Skip all pictures. Set down only the lines starting at the line containing "DKD Home Decor" and running to the end of the listing.
Raw data section start
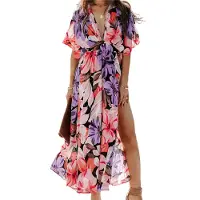 Torribaly Robe longue d'été pour femme, manches courtes, col en V, décontractée, ample, longue, fendue, pour la plage, rouge, taille M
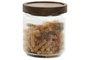 DKD Home Decor Bote de Cristal y Acacia 450ml Transparente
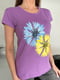 Бузкова бавовняна футболка з яскравим квітковим малюнком | 6811052 | фото 4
Raw data section end
_Finished task_
 DKD Home Decor Bote de Cristal y Acacia 450ml Transparente
 Бузкова бавовняна футболка з яскравим квітковим малюнком | 6811052 | фото 4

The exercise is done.